The catalyst for the separation would be the 16 year old Janis Hunter ironically as old as the age difference between the two. Gaye first laid eyes on her while recording "Let's Get It On". He would later claim that it was this sweet sixteen that enabled him to sing the silky balled "If I Should Die Tonight" like he meant it. Janis would become his obsession. Though she may have been the catalyst the seeds for the divorce from Gordy were sown far before that, maybe on the onset of their relationship even. The closing piece on Marvin's second masterpiece was the biting "Just To Keep You Satisfied". Interestingly enough co-written with Anna. It was as if the couple was telling each other their relationship was bound to crash years before it actually did. The songs was filled with vicious indictments, a testimony of a relationship that was suffocating instead of liberating. Theirs was an ambivalent relationship at best. The song was one of Marvin's greatest artistically triumphs. After that his career would gradually slide into a slump.
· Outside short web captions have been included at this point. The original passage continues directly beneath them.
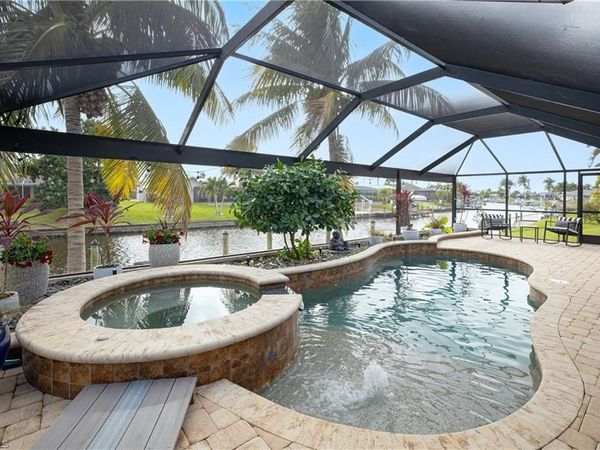 2274 SE 27th ST, CAPE CORAL, FL 33904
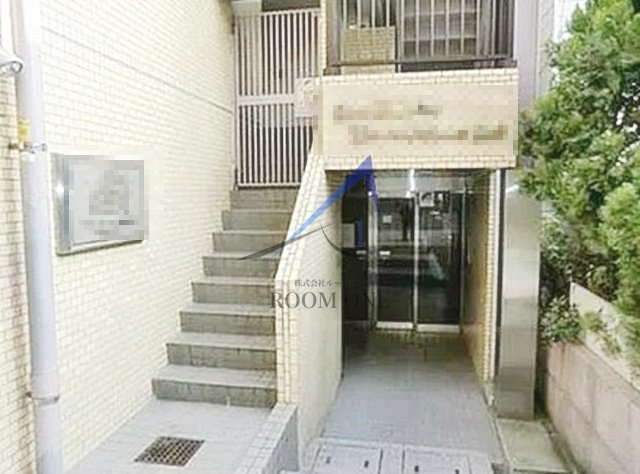 ライオンズマンション西新宿第８のエントランス|エントランスです。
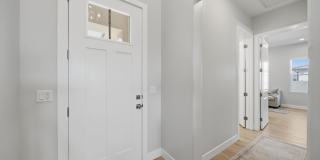 4 Bedroom Home with Gorgeous Views Gallery 12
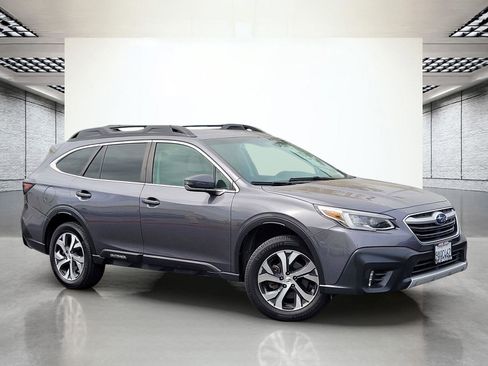 Used 2022 Subaru Outback Limited AWD/4WD image 2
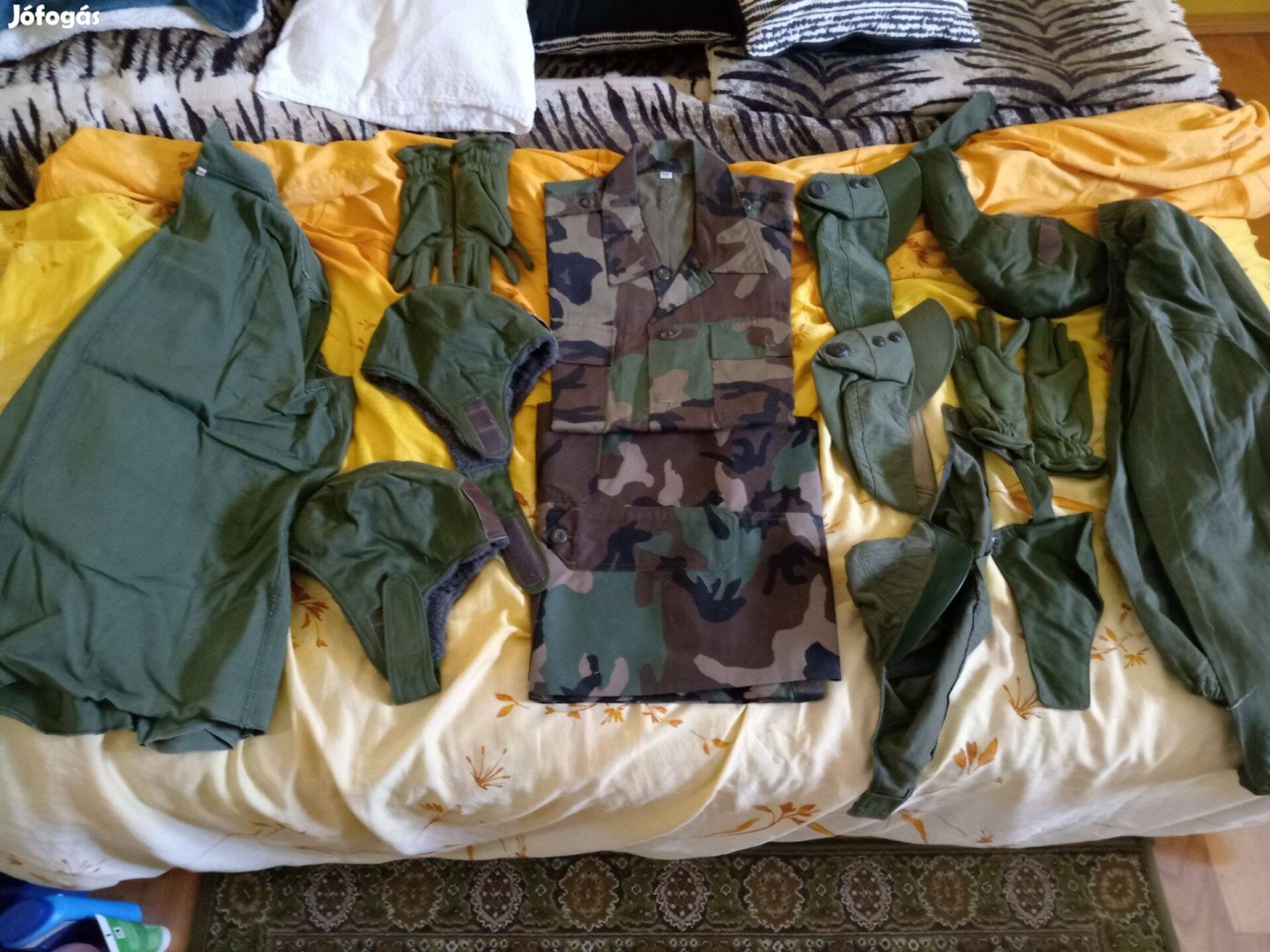 Katona ruhák sapkák csomagban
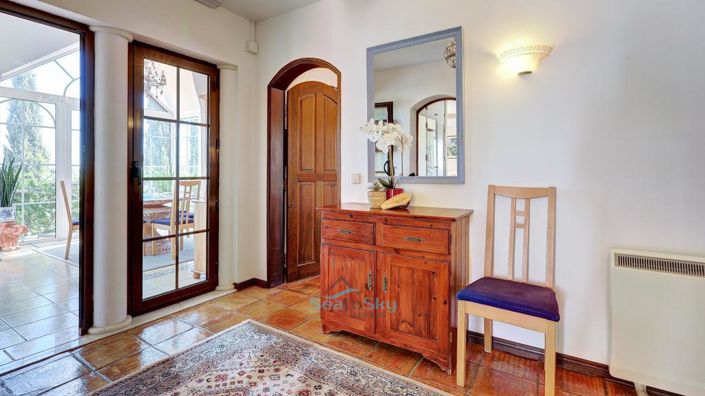 Image No.11-5 Bed House for sale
Although often a heralded album "I Want You" was a mere shade of the brilliance that was "Let's Get It On". Though not without its own merits, the near pornographic and coke infested suite never even nearly scratches the divinity of its predecessor.
It was never Gaye's intention to break that slump with "Here My Dear", but Anne proved his muse for better or for worse. As Gaye confessed to Ritz the record became his deep passion, it became an obsession, one of his many. The couple hadn't spared each other in court, their divorce had turned into the mud fight of the ugliest kind. At one point Anna even denied Marvin access to his children. That's how sour their union had turned. Neither could seem to stop that train and resolve things in a civil matter. "I knew I'd explode if I didn't get all that junk out of me" Gaye later confessed to Ritz. Allegedly Gaye went into the studio unprepared and had the engineer simply open up the microphones, the words and melodies simply came oozing out of him, exorcizing all the anger and frustration surrounding the divorce. The result would be an ego document covering two LPs. "Here My Dear" is Marvin Gaye at his most loose and honest. He literally opens his Soul by letting the songs chronicle the divorce. The unstructured nature of the recording sessions allowed "Here My Dear" to be the ultimate Soul confession going beyond the natural emotional exhibitionism that's trademark to the genre.
Given the loose nature of the sessions it is remarkable that the album is as cohesive as it finally became. Over four sides the album takes the listener on a journey through the relationship of Marvin and Gordy and their eventual demise. Marvin makes it clear on the opening track the album is his confession to Anna, giving the record a voyeuristic edge. Smooth as the arrangements may be at times the album gives that uncomfortable feeling you get when you're watching a couple fight at a dinner party. Through out "Here My Dear" Marvin delivers vicious stabs to Anna, accusing her of taking his money and children, while screaming out the next moment to his Anna in desperation, like the scared little boy she married. The album's centerpiece "When Did You Stop Loving, When Did I Stop Loving You" comes back three times, its that tormenting question that Gaye uses to express his anger, frustration, desperation. It's the track by which he tries to remember the good times they must have had and tries to pin point the moment where things started to turn sour. As a listener you're dragged from pure venom to almost absolute devotion and every emotion in between. Anybody who's ever gone through a painful separation will find some common ground on "Here My Dear". Maybe it is the confrontational nature which caused the critics and audience to shun the album, maybe its theme was simply too uncomfortable for a quick embrace, because on its release reviews and sales were disappointing to put it mildly. It nowhere near got Anna the money she had hoped for. Yet over the years this slow burner has reaped recognition slowly but steadily. So much it even wound up on the Rollingstone top 500 albums of all time. The tragedy of Gaye and Gordy would ultimately prove to be one of his greatest artistic triumphs, not to be missed in any record collection.